Data
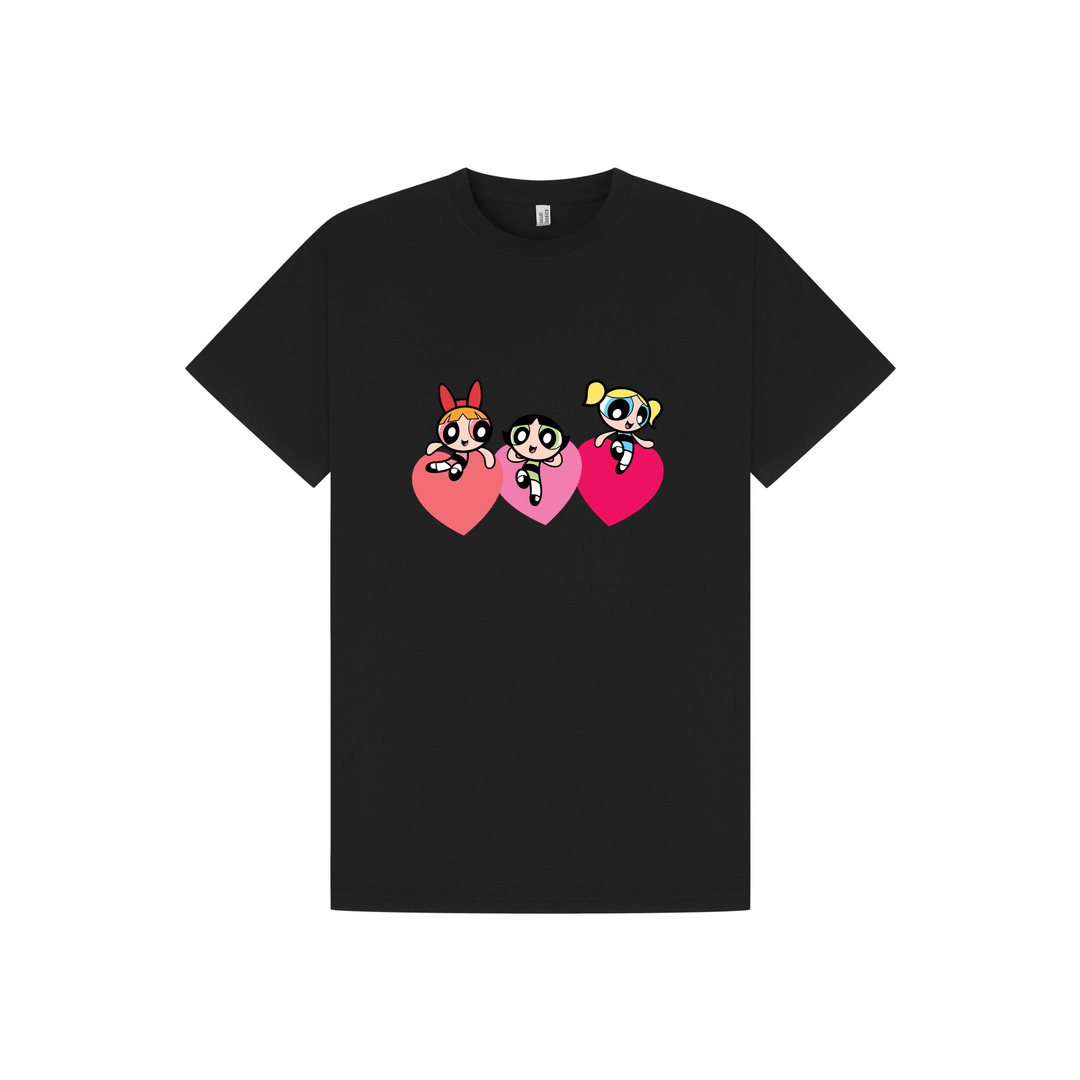 Black Printed T-shirt Front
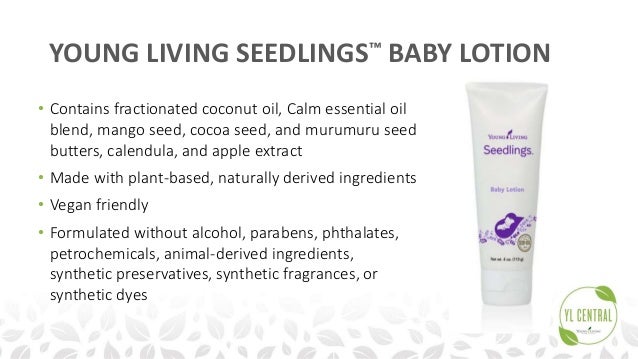 seedlings baby lotion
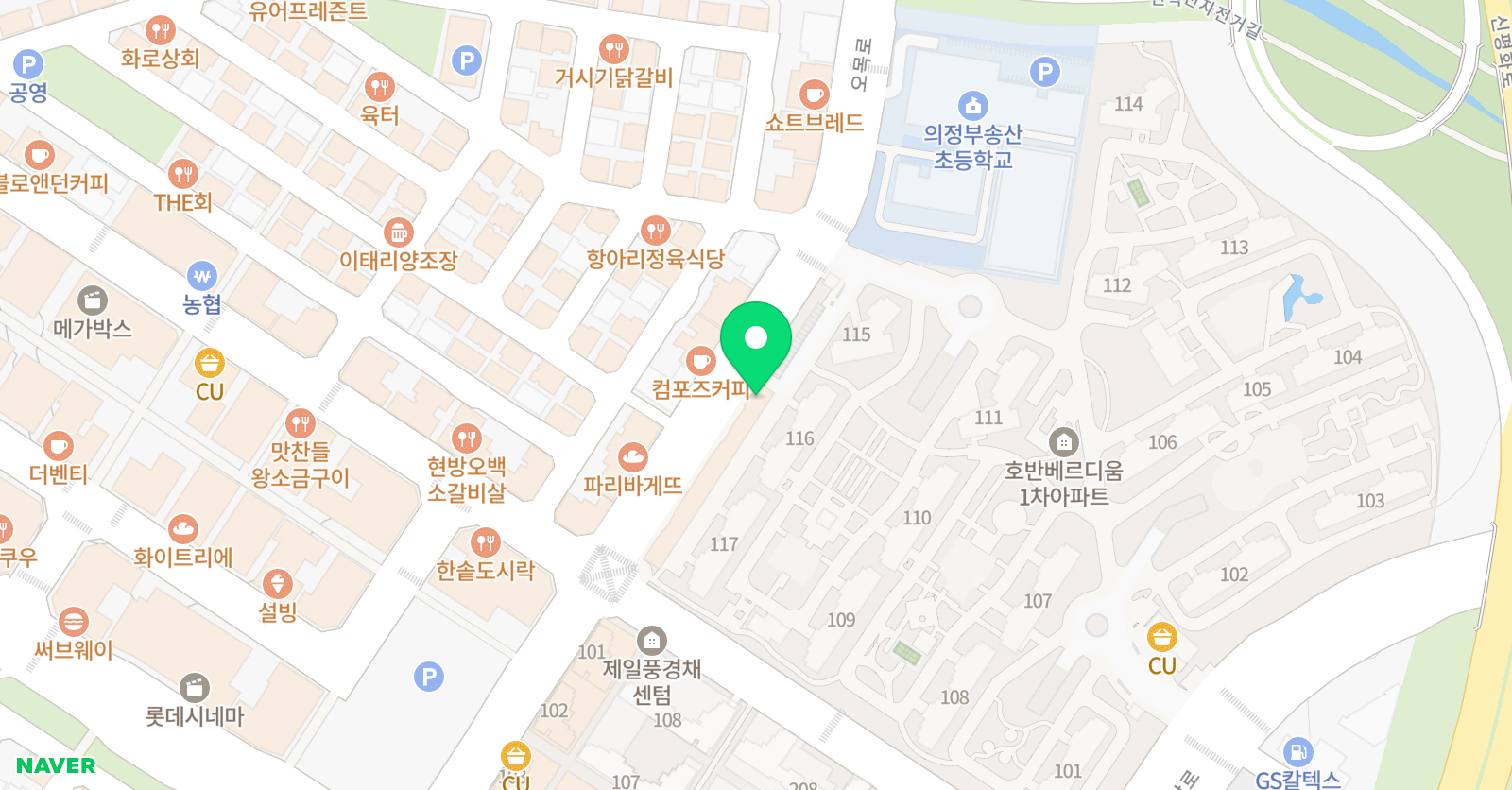 소리사랑 피아노 위치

Task prompt
All lines above are to be restated word for word, with pictures excluded.

Answer section
 Black Printed T-shirt Front
 seedlings baby lotion
 소리사랑 피아노 위치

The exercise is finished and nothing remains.